Forum

Please or Register to create posts and topics.

Ingest Data with Dataflows Gen2 in Microsoft Fabric

Microsoft Fabric offers a unified solution for data engineering, integration, and analytics. A crucial step in end-to-end analytics is data ingestion. Dataflows (Gen2) are used to ingest and transform data from multiple sources, and then land the cleansed data to another destination. They can be incorporated into data pipelines for additional data movement, and used as a data source in Power BI.

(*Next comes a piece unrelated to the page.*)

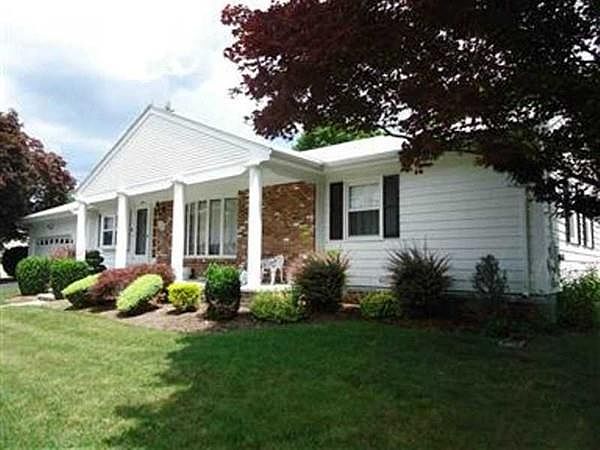 1st image of 11 Laurel Hill Dr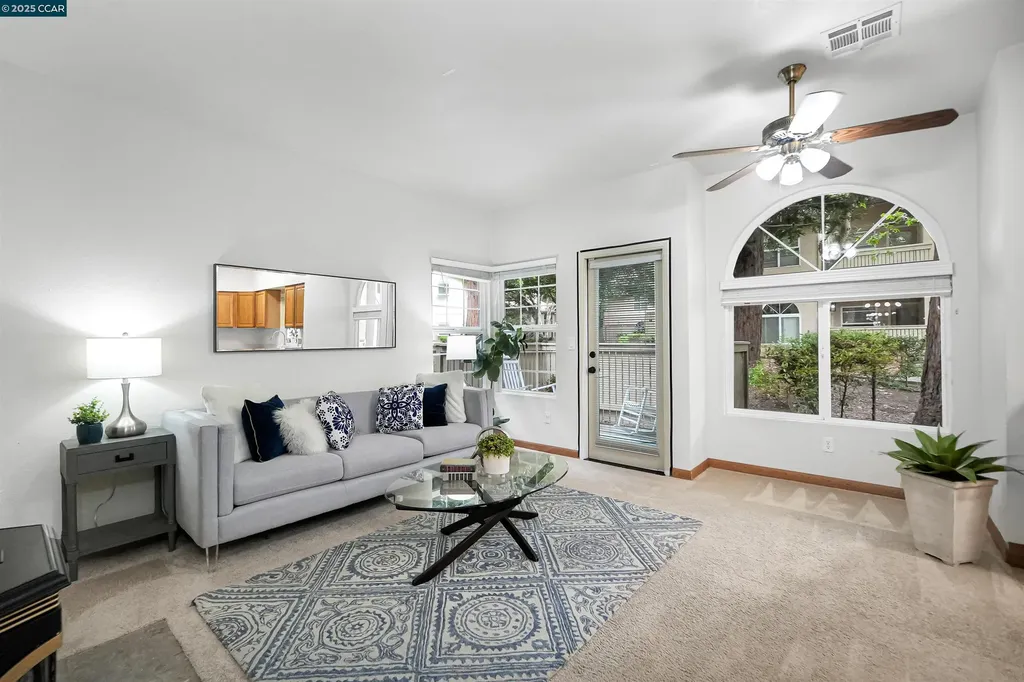 1407 Forest Run Hercules CA 94547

Imagine you work for a retail company with stores across the globe. As a data engineer, you need to prepare and transform data from various sources into a format that is suitable for data analysis and reporting. The business requests a data model that consolidates disparate data sources from the different stores. Dataflows (Gen2) allow you to prepare the data to ensure consistency, and then stage the data in the preferred destination. They also enable reuse and make it easy to update the data. Without a dataflow, you’d have to manually extract and transform the data from every source, which is time-consuming and prone to errors.

In this module, we explain how to use Dataflows (Gen2) in Microsoft Fabric to meet your data ingestion needs.

Data Folow in Microsoft Fabric

Understand Dataflows (Gen2) in Microsoft Fabric

 

In our scenario, you need to develop a data model that can standardize the data and provide access to the business. By using Dataflows (Gen2), you can connect to the various data sources, and then prep and transform the data. To allow access, you can land the data directly into your Lakehouse or use a data pipeline for other destinations.

What is a dataflow?

Dataflows are a type of cloud-based ETL (Extract, Transform, Load) tool for building and executing scalable data transformation processes.

Dataflows (Gen2) allow you to extract data from various sources, transform it using a wide range of transformation operations, and load it into a destination. Using Power Query Online also allows for a visual interface to perform these tasks.

Fundamentally, a dataflow includes all of the transformations to reduce data prep time and then can be loaded into a new table, included in a Data Pipeline, or used as a data source by data analysts.

How to use Dataflows (Gen2)

Traditionally, data engineers spend significant time extracting, transforming, and loading data into a consumable format for downstream analytics. The goal of Dataflows (Gen2) is to provide an easy, reusable way to perform ETL tasks using Power Query Online.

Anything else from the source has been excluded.